A retirada do apoio de Erdogan e a ascensão do Basaksehir

Erdogan, o Presidente turco é um fã do desporto-rei e do “seu” Basaksehir

 

Com a crise, a popularidade de Erdogan começou também ela a cair, especialmente quando se viu que a sua promessa de transformar a Turquia numa das 10 maiores economias mundiais até 2022, tinha tanta credibilidade como Luis Filipe Vieira prometer uma Champions aos benfiquistas.

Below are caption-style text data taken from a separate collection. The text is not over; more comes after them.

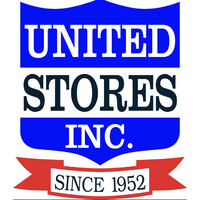 United Stores Inc. logo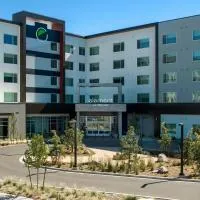 Element by Marriott Reno Experience District, hotel en Reno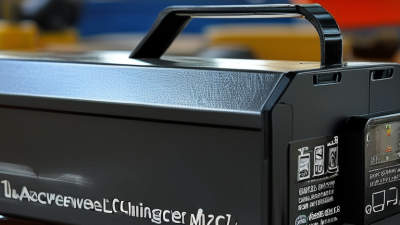 China Top 10 OEM High Quality Boat Battery Charger Factories to Consider?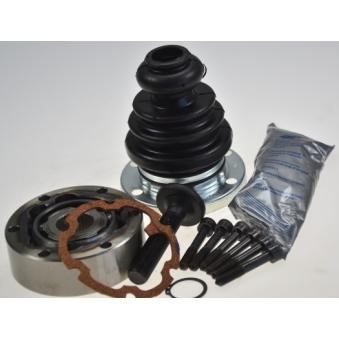 Embout de cardan avant (kit de réparation) SPIDAN OEM 8D0498103A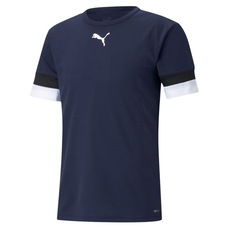 Camiseta Puma Teamrise Masculina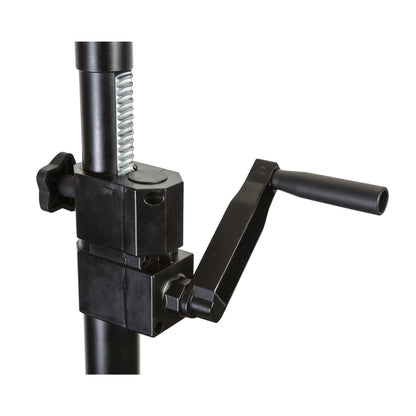 Frameworks Crank-Operated Sub Pole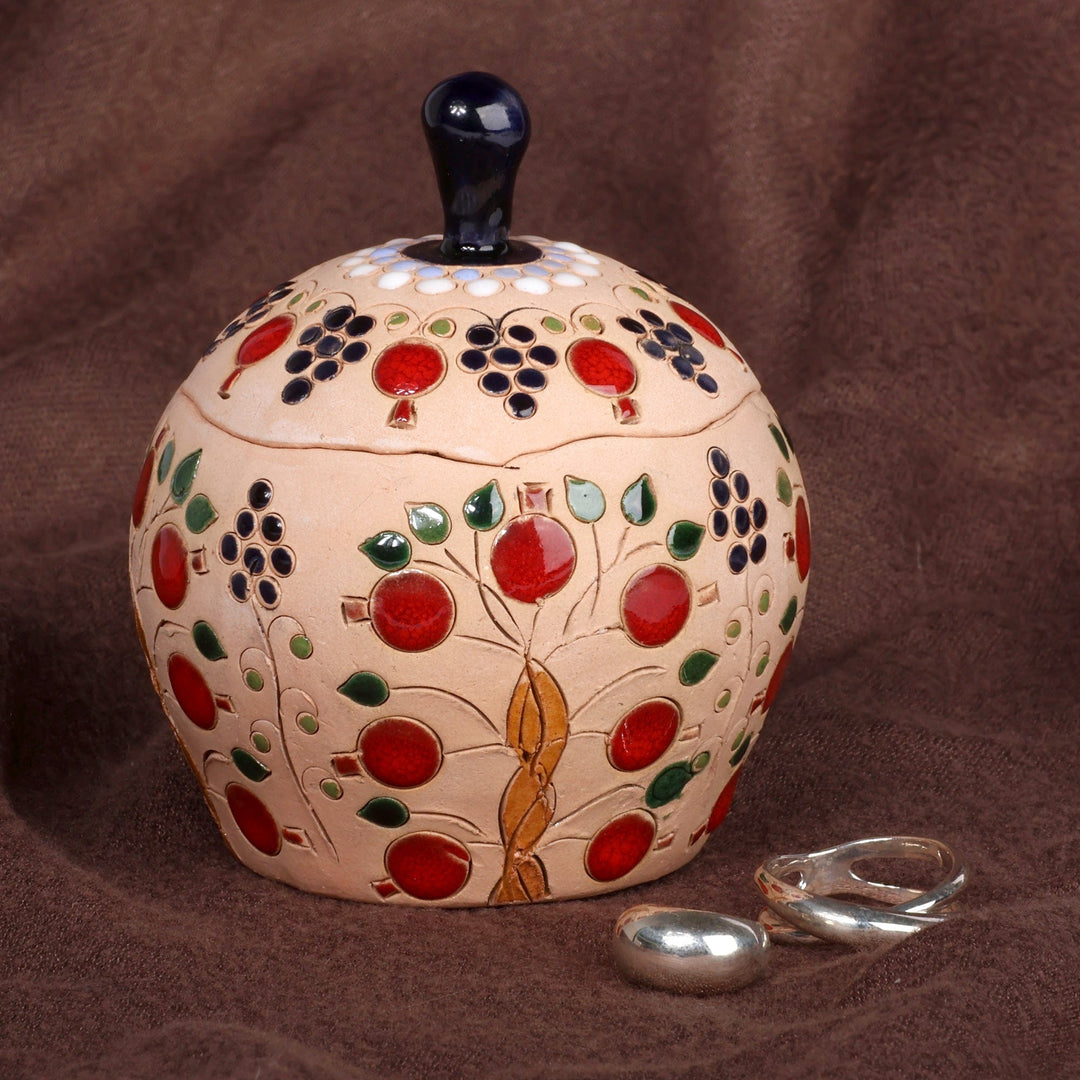 Precious Passion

Com o distanciar dos adeptos dos grandes clubes, Erdogan começou a apostar no seu próprio clube, o Istambul Basaksehir. Adquirido em 2014 por pessoas sem qualquer ligação ao presidente turco (wink wink) e com as bancadas cheias de figurantes pagos, que tinham tanta vontade de estar ali como de assistir aos seus pais a ter relações sexuais, o clube foi progredindo no futebol turco, com muitas facilidades do estado, enquanto para outros o cinto ia apertando.

Em 2016, na inauguração do NEF Stadium (nova casa do Galatasaray), o Presidente foi recebido por um coro de assobios, que só não se repetiu mais uma vez esse ano, porque inaugurou a Vodafone Arena (casa do Besiktas) à porta fechada. O sentimento de Recep Erdogan para com o futebol turco e se os adeptos não o amavam, ele ia mostrar-lhes o que estavam a perder (pede-se ao leitor que imagine Erdogan a trautear “Baba Baby” de Kelly key enquanto toma as decisões descritas abaixo).

Erdogan acabou com muitas das regalias aos grandes de Istambul, como estarem livres de impostos ou as suas contas de escrutínio e, enquanto isso, o Basaksehir, gozando de algumas benesses que lhe permitiram crescer (poucochinhas). Sem a pressão de adeptos (parecendo que não, os figurantes não são muito de contestar… basta ver as galas do Benfica), o clube conseguiu crescer com um misto de jogadores experientes e jovens jogadores com alto potencial, acabando por se sagrar campeão em 2019/20.

 

A tentativa de recuperação
Hoje, os clubes que nunca perderam a aposta nas camadas jovens, são aqueles a quem a crise está a custar menos a passar. Ao passo que os três grandes continuam com plantéis com ordenados elevadíssimos e jogadores de quem não se conseguem livrar, os mais pequenos seguem de contas e plantéis relativamente equilibradas. No fundo, com nomes menos sonantes, mas plantéis mais equilibrados, que há 4/5 anos nem cheirariam um título… os Sportings da Turquia.

A federação turca lançou um plano de resgate aos clubes, no final de 2019, investindo mais de 2 biliões de euros na recuperação do futebol turco, com a condição que o investimento tem de ser monitorizado e os clubes têm de seguir planos estritos de gestão.

O futebol turco pode levar anos a recuperar, se alguma vez o fizer. Numa altura em que o fosso entre as principais ligas europeias e o resto do continente é cada vez maior, este poderá ter sido um passo em falso que vai custar muitos anos à Super Lig.

Resumindo… o nosso futebol está a um governo autocrático de ir com o boda!